Star Wars_ Planet of Twilight - Barbara Hambly [58]
Not here, thought Luke.
It was something he had not considered: That in eight months, Callista would have ceased to be the woman he had known.
She had lasted thirty years inside the gunnery computer on the dreadnought Eye of Palpatine. Could she have deteriorated so quickly in less than one?
But whoever it was, whose strength in the Force he had felt, was here.
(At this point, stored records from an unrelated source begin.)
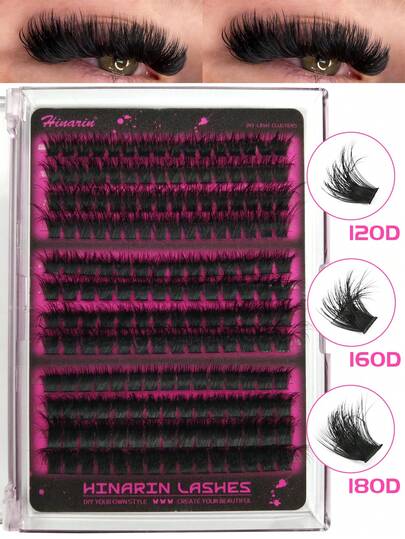 180 sợi mi giả D Curl DIY 120D+160D+180D mềm mại, hiệu ứng 3D, mi nối riêng lẻ, mi cong ấn tượng, độ dài hỗn hợp, dụng cụ trang điểm phù hợp cho sử dụng tại nhà, trang điểm hàng ngày, hóa trang. (Từ khóa: Mi giả, Mi nối, Mi giả, Mi giả)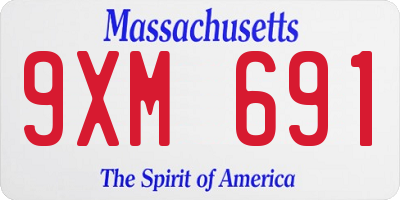 MA license plate 9XM691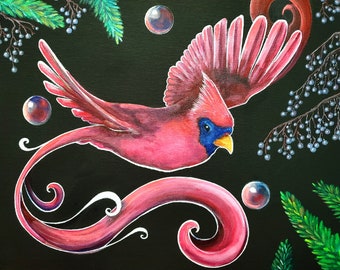 Flight of the Cardinal ORIGINAL 9x12 Acrylic Painting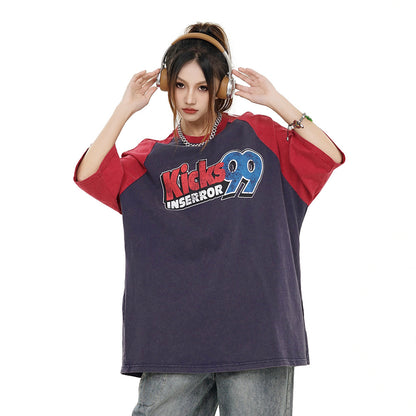 Women’s Casual Lettering T-Shirt – Stylish Loose Fit Round Neck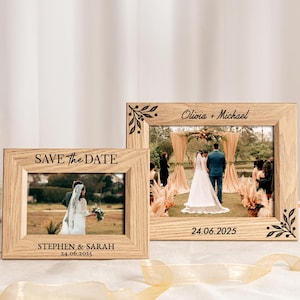 Personalised Engraved Photo Frame,Wedding Photo Frame,Custom Wood Photo Frame,Anniversary or Engagement Gift,Personalised Home Decor 250815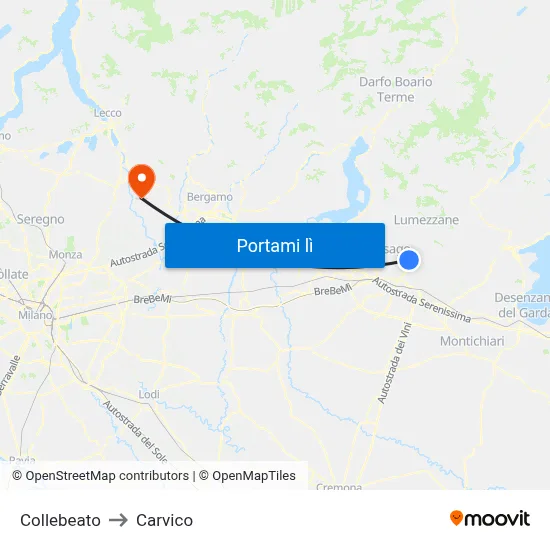Collebeato to Carvico map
The door opened before he knocked on it. The woman standing on the low slab of crystal before its threshold wasn’t Callista.
She smiled, and held out her hands to him, the smile transforming her to beauty. “Another one,” she said softly. “Thank all goodness.”
It was impossible to tell her age. Luke knew immediately she wasn’t young, in spite of the porcelain perfection of her face. It was like a very good reproduction of youth that succeeded only in not looking old. She lacked the wrinkles and lines of human sorrow and delight around her mouth, the crow’s-feet at the corners of the eyes that made Leia’s so wise, lacked the print of even the smallest thought on her forehead. Her hair was raven black and hadn’t been washed in weeks. Neither had her trim, high-breasted, long-legged body or the dingy green dress that wrapped it.
“Welcome.” She drew him into the dense shadows within the first of the house’s many rooms. Her hand was like that of a goddess who bit her nails. “Welcome. I am Taselda. Of the Knights.” Her eyes met his, jewel blue under the flawless brows. “But then, you knew that.”
Luke looked around the shabby darkness. Most of the transparisteel had been boarded shut and the room was illuminated only by a string of old-fashioned glow-bulbs tacked to the ceiling. His heart went out to her in compassion. Obi-Wan Kenobi had hidden himself for years in the obscure deserts of Tatooine, mocked at as a crazy old hermit, willingly surrendering the use of his Jedi powers that he might guard the last, chosen hope of the Knights. But he, thought Luke, had had the disciplines of the Force to help him bear it. This woman had been here for who knew how long, unable to use her powers for fear of harming the innocent in another Force storm. From the Newcomers she must have heard that Palpatine was dead, unable to harm her …
“I’m called Owen,” he said, realizing that Skywalker was probably a name anathema to most of the old Jedi still alive after Vader’s persecutions. “And I’m looking for someone.”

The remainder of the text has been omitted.